Indonesia has a significant deficit in hospital beds, medical staff and intensive care facilities as health experts warn that it is primed to become a new epicenter of the coronavirus pandemic, according to data reviewed by Reuters.
Health experts say Indonesia faces a surge in coronavirus cases after a slow government response masked the scale of the outbreak in the world’s fourth most populous country.
Indonesia has recorded 686 cases but the data is seen as understating the scale of infections because of a low rate of testing and a high mortality rate. Indonesia has reported 55 deaths, the highest in Southeast Asia.
A study by the London-based Centre for Mathematical Modelling of Infectious Diseases released on Monday estimates that as few as 2% of Indonesia's coronavirus infections have been reported. That would bring the true number to as many as 34,300, which is more than Iran.
Other modelers are projecting that cases could rise to as many as 5 million in the capital, Jakarta, by the end of April under a worst-case scenario.
"We have lost control, it has already spread everywhere," Ascobat Gani, a public health economist told Reuters. "Maybe we will follow Wuhan or Italy. I think we are in the range of that".

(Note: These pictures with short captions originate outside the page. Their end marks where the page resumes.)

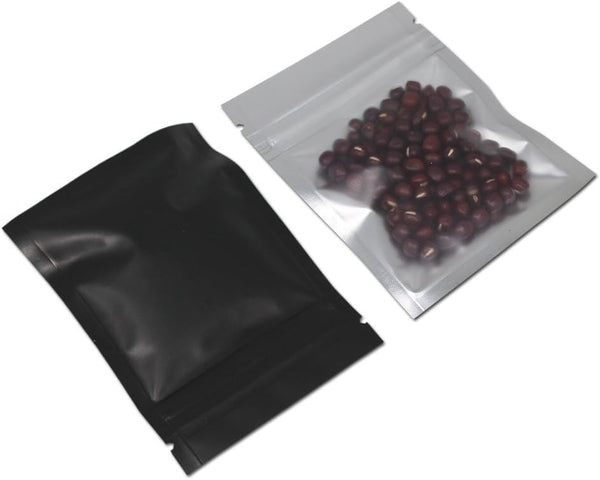 PABCK 200 Pack Resealable Zipper Lock Food Storage Bags, Zip Heat Seal Lock for Candy Storage Supplies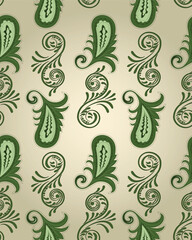 Canvas Print - vector seamless paisley pattern. 4 clipping masks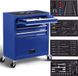 AREBOS chariot à outils avec 4 tiroirs - 1 armoire - incl. outils - bleu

The government says the impact of the virus will not be that severe.
"We won't be like that," said Achmad Yurianto, a senior health ministry official, referring to comparisons with outbreaks in Italy and China.
"What's important is that we rally the people ... they have to keep their distance."
Indonesia's health system compares poorly with those in other countries hit hard by the virus.
The country of more than 260 million people has 321,544 hospital beds, according to health ministry data. That is about 12 beds per 10,000 people. South Korea has 115 per 10,000 people, according to the World Health Organization (WHO).
In 2017, the WHO found Indonesia had four doctors per 10,000 people. Italy had 10 times more, on a per capita basis. South Korea has six times more doctors.
Yurianto said with proper social distancing measures there should not be a need for a large number of additional beds and that medical staffing was sufficient to tackle the virus.
However, Budi Waryanto, an epidemiologist from the University of Indonesia, told Reuters: "The hospitals are not ready to support the potential cases. Treatment will be limited."